## YOUR ASSIGNMENT
Go through the entries below and copy each line that holds the word "Thumbnail".

## DATASET CONTENT
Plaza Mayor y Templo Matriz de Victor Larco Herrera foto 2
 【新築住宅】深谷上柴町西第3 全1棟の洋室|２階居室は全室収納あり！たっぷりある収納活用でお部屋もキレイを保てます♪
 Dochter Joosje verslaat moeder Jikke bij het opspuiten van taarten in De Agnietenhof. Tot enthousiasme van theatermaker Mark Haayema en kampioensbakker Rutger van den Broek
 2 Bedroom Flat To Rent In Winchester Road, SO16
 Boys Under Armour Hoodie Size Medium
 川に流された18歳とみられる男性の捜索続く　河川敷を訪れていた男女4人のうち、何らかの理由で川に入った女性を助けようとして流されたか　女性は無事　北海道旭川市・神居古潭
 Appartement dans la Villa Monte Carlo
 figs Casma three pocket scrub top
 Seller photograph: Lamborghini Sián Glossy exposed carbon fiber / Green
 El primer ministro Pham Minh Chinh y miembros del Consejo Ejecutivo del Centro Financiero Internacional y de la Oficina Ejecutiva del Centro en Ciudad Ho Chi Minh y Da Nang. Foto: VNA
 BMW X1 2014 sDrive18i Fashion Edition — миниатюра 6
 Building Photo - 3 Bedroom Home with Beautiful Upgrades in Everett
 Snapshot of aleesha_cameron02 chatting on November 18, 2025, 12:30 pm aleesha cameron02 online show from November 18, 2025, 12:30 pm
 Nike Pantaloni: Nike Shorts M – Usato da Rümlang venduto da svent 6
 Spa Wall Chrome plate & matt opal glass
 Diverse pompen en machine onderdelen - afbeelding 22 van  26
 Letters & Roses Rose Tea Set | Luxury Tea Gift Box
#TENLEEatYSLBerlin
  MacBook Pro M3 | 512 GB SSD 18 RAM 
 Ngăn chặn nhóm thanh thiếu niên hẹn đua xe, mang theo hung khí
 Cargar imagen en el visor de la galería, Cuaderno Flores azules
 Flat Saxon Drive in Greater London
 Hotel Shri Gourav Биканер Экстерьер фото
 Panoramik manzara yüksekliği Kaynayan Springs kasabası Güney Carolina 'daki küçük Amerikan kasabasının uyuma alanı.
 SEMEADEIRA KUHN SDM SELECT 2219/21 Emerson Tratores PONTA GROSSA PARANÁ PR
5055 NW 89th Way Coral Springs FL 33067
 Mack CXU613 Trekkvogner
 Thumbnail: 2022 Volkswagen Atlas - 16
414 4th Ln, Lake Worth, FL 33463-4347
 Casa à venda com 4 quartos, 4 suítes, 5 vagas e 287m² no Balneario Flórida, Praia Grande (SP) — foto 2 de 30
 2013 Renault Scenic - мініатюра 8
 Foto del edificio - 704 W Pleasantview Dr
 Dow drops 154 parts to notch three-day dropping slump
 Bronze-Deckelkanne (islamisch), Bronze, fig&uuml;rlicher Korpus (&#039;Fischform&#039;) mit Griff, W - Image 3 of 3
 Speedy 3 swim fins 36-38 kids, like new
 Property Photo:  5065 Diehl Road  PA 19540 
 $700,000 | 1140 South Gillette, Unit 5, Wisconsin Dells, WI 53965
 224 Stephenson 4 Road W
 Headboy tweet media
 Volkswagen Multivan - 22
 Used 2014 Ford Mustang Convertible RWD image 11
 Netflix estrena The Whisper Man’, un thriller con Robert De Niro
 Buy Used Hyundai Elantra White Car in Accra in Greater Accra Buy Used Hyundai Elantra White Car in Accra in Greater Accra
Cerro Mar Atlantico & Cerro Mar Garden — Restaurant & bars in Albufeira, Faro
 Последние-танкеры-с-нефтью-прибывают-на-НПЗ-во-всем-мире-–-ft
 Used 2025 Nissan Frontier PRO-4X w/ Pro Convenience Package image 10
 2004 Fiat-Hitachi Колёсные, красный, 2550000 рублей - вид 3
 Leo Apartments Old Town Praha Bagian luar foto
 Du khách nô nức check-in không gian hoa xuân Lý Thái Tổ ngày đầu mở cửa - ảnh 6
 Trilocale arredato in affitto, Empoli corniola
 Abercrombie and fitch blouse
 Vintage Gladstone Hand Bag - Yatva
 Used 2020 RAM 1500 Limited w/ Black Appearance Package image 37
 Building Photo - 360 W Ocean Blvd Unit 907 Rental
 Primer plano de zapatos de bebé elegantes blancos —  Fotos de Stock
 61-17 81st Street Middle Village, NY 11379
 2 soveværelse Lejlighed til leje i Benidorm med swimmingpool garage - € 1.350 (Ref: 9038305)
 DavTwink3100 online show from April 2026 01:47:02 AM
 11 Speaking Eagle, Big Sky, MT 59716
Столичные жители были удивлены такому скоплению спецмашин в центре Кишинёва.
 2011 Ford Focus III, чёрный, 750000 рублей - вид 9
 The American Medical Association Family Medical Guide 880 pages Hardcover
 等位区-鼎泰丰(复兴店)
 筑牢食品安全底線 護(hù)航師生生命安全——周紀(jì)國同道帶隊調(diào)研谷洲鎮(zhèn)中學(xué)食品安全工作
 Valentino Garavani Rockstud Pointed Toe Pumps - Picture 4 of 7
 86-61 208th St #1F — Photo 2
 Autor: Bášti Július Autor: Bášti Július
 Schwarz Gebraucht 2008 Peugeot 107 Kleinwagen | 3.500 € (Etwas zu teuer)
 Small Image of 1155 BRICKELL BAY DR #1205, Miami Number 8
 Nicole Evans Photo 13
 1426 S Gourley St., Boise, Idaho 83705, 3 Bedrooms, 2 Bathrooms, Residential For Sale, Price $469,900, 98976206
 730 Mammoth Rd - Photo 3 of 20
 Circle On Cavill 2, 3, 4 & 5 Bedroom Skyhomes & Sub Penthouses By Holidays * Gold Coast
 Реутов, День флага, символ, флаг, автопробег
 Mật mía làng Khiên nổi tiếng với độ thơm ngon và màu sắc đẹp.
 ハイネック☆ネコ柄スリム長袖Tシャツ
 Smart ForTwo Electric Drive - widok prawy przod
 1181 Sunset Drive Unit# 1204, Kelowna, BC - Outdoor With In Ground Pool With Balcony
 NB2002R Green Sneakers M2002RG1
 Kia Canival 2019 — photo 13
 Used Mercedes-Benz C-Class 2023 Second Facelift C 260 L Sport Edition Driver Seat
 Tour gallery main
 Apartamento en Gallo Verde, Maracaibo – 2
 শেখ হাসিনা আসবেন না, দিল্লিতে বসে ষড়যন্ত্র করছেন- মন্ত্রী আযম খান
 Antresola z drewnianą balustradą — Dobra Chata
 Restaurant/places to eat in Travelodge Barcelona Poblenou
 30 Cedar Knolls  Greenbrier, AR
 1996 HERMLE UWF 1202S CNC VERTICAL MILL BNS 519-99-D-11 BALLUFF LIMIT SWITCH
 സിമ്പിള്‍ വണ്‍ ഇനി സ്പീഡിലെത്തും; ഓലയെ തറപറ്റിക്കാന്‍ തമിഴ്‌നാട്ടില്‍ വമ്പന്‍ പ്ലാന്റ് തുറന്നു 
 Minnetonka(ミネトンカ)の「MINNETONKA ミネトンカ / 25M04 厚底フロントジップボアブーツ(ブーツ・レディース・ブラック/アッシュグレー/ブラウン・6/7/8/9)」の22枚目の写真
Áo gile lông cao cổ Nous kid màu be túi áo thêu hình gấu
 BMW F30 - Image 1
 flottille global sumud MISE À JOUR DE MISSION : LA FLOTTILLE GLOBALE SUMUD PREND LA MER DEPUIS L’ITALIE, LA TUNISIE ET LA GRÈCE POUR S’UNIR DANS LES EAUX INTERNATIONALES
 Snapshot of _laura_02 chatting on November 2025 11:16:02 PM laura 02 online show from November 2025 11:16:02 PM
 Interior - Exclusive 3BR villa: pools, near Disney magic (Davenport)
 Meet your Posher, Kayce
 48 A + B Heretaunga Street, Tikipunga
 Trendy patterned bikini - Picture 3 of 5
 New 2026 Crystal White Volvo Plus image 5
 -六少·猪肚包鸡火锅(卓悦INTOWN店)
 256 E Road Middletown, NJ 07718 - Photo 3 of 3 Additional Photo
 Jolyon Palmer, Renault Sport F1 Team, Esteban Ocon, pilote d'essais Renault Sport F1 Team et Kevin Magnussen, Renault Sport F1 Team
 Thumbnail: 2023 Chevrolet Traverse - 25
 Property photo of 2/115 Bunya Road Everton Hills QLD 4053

## ANSWER TO THIS PROBLEM
 Thumbnail: 2022 Volkswagen Atlas - 16
 Thumbnail: 2023 Chevrolet Traverse - 25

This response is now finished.